The points of innovation of this research are two-fold. First, it breaks with a tradition of adopting predominantly small-n case study approaches to analyzing instances of urban-rural relations and city-regional coordination in spatial policymaking. Secondly, the paper contributes to exploring the promises and pitfalls of text-as-data methods for social science research in the European multi-lingual context where language barriers pose a marked obstacle to cross-national comparative research of textual data. This paper taps into a line of social science research which leverages on the rapid advances in machine-translation software to overcome language barriers, by translating textual data written in a variety of source languages into English as a common reference language on which the actual analysis is performed.
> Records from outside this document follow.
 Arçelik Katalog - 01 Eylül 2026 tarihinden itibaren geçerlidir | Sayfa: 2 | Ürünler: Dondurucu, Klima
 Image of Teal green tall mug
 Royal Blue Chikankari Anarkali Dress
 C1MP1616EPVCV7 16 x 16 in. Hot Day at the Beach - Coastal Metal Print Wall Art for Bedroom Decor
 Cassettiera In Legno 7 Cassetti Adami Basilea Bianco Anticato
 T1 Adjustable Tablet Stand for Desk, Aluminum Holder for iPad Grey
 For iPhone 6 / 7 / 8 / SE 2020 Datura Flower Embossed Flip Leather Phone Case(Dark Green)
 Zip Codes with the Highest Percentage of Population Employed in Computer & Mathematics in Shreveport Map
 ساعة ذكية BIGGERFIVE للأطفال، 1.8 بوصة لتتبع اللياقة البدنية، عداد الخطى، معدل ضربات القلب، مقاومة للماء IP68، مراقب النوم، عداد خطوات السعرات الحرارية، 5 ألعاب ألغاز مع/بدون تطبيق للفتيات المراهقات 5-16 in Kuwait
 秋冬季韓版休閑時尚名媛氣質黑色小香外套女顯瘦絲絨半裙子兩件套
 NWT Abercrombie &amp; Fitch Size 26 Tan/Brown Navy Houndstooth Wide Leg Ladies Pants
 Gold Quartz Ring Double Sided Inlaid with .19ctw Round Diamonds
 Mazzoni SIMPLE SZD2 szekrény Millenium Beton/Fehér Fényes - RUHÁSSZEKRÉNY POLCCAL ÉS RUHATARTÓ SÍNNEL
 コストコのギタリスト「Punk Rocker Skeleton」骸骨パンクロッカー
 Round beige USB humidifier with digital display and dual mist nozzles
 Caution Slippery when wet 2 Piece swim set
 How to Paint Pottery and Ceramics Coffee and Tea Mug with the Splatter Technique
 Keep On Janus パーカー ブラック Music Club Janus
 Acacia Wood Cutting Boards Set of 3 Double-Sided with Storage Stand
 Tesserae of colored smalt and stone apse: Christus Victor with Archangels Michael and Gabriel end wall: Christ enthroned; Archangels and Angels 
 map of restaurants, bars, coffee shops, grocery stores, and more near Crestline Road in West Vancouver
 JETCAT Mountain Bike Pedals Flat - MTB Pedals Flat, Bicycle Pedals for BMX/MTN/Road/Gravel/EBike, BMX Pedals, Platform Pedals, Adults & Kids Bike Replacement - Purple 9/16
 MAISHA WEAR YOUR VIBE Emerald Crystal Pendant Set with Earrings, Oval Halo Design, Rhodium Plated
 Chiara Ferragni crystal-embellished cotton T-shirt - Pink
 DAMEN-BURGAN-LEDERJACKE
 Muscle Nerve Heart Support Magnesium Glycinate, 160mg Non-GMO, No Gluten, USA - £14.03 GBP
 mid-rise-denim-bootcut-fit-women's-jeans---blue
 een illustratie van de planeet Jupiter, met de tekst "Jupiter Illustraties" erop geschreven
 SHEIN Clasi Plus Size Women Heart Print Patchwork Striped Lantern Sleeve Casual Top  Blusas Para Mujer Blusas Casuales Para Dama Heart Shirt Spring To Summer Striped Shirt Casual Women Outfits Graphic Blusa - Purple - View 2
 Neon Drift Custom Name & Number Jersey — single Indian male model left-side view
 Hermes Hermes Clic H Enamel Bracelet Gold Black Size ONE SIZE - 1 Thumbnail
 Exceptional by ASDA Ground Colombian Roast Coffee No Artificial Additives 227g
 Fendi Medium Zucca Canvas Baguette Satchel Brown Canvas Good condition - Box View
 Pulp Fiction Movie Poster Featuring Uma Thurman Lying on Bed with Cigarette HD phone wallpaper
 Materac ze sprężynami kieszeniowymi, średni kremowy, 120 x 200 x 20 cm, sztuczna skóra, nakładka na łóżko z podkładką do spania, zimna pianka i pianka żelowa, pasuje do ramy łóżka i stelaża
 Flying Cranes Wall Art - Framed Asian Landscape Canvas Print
However, machine-translation is not error free. There is the potential that systematic differences in vocabulary use between the source languages continue to persist in the machine-translated text corpus and bias the model estimation. We may end up modeling variations in word use to specific language contexts rather than detecting topics as semantically coherent concepts across linguistic borders. Researchers may counter this problem by relying on the statistical properties of structural topic models which allow to include information on a text document’s source language directly into the model estimation, thereby controlling for systematic differences in vocabulary use across different languages. The paper test the limits of such an approach by extending the number of source languages to be included for analysis, as well as by applying it to an analysis of policy documents in the highly technical policy sector of spatial planning. Spatial planning is characterized by a distinct and specialized vocabulary which may differ considerably across various national planning contexts. Is there an upper limit to linguistic variation which can be accounted for in topic modeling?